Tout a commencé avec l’ancien Premier ministre, Najib Mikati, qui avait refusé de publier cette loi malgré l’accord du Conseil des ministres, agissant par délégation du président de la République. M. Mikati avait alors fait marche arrière, renvoyant le texte au Parlement. C’est finalement son successeur, Nawaf Salam, qui l’a publiée au Journal officiel.

Le Conseil constitutionnel a estimé que la procédure n’avait pas été respectée: le délai d’un mois accordé au président de la République pour promulguer la loi n’était pas écoulé, rendant sa publication contraire à l’article 57 de la Constitution. La loi n’avait donc pas encore force exécutoire au moment de sa publication.

Sans trancher définitivement sur le fond, le Conseil s’est limité à déclarer la loi «non applicable» en raison de cette publication prématurée, sans préciser la date exacte du début du délai de promulgation ni si celui-ci est expiré.

Pour Patrick Rizkallah, président du syndicat des propriétaires, cette décision traduit une volonté du Conseil d’éviter l’annulation pure et simple de la loi tout en rejetant partiellement le recours. Selon lui, le Conseil a pris en compte, d’une part, la position de la présidence de la République, à l’origine du recours, qui contestait la procédure de publication, et, d’autre part, a implicitement validé le contenu du texte en ne remettant pas en cause la constitutionnalité de ses articles.

M. Rizkallah souligne que, bien que constitutionnellement inédite, cette décision ouvre la voie à une nouvelle publication de la loi, une perspective lourde à porter pour des propriétaires qui se sentent lésés depuis plus de quarante ans.

Il déplore que la nouvelle loi sur les loyers des locaux non résidentiels soit l’otage des tensions entre institutions, conséquence directe du choix contesté de Najib Mikati de renvoyer trois lois au Parlement hors du cadre constitutionnel.
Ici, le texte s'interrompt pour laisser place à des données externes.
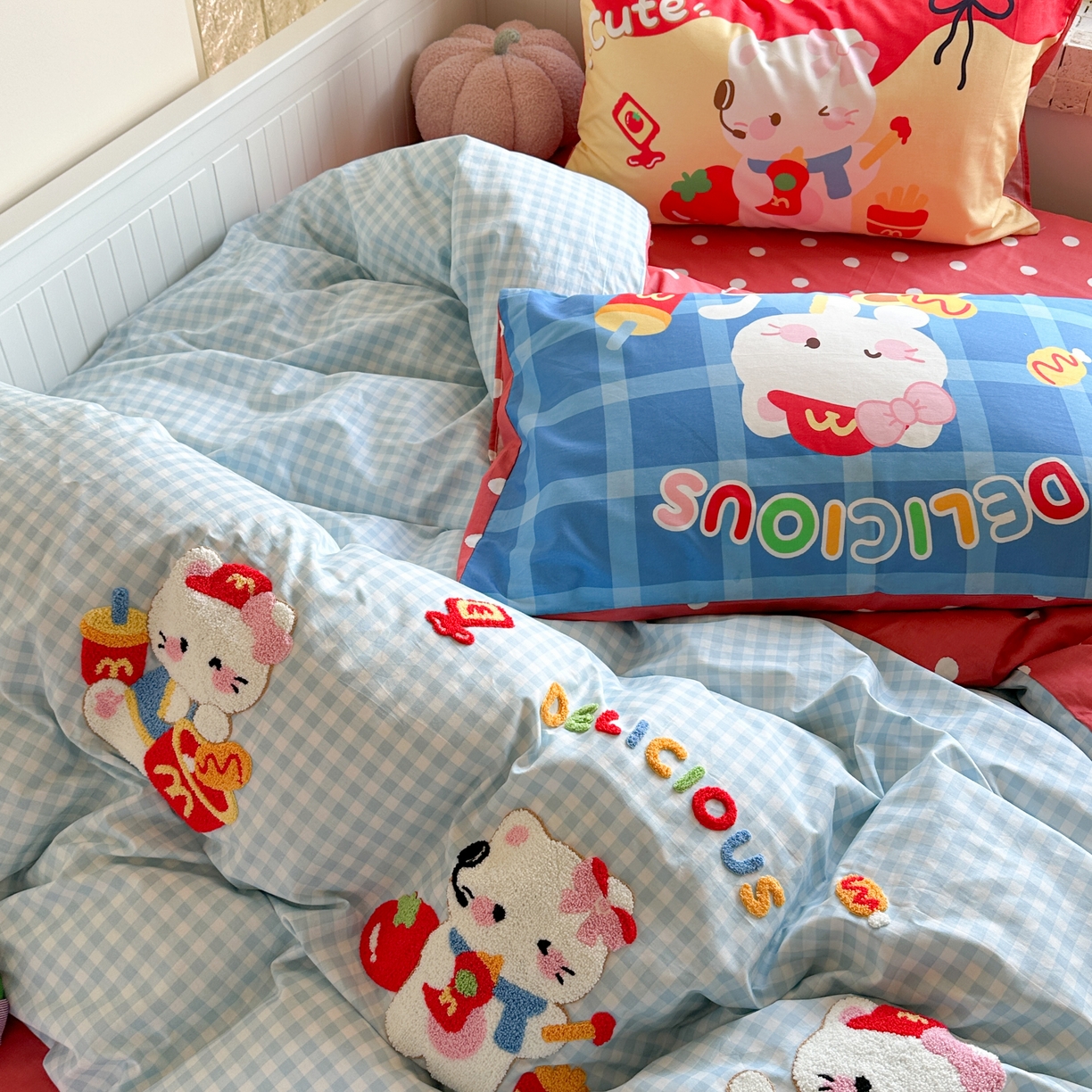 91家纺网 家纺一手货源 找家纺 柚子YOUTH 2025新款全棉A类母婴级卡通绣花四件套 汉堡小猫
Cette situation a plongé le pays dans un flou juridique qui perturbe aussi bien la justice que le législatif.

Face à ce blocage, le syndicat des propriétaires appelle les bailleurs à poursuivre leurs actions en justice selon le Code des obligations et des contrats, en attendant une réédition officielle de la loi.

Du côté des locataires, Castro Abdallah, président de la Commission de défense des droits des locataires, salue la décision du Conseil constitutionnel, qui rend justice à leurs droits. Il qualifie ce geste de «pas important» dans la lutte contre les spéculateurs immobiliers cherchant à expulser les citoyens pour servir des intérêts privés, au mépris du droit au logement et à une vie digne.

Selon lui, cette décision prouve que la mobilisation organisée peut réellement protéger les droits. Elle leur donne, dit-il, un nouvel élan pour poursuivre le combat en vue du rétablissement de la loi 92/160, garante de justice sociale et de protection contre le déplacement forcé de nombreux Libanais.

Désormais, la présidence de la République et le gouvernement doivent interpréter la décision du Conseil constitutionnel, avec deux options possibles:

  • soit considérer que le délai de promulgation a commencé le 28 mars 2025 et qu’il a expiré le 28 avril, imposant une republication du texte au Journal officiel, susceptible à nouveau de recours devant le Conseil constitutionnel;
  • soit fixer ce délai en fonction de la décision du Conseil d’État sur les recours contre la décision gouvernementale de renvoyer les lois au Parlement pour éviter un conflit institutionnel.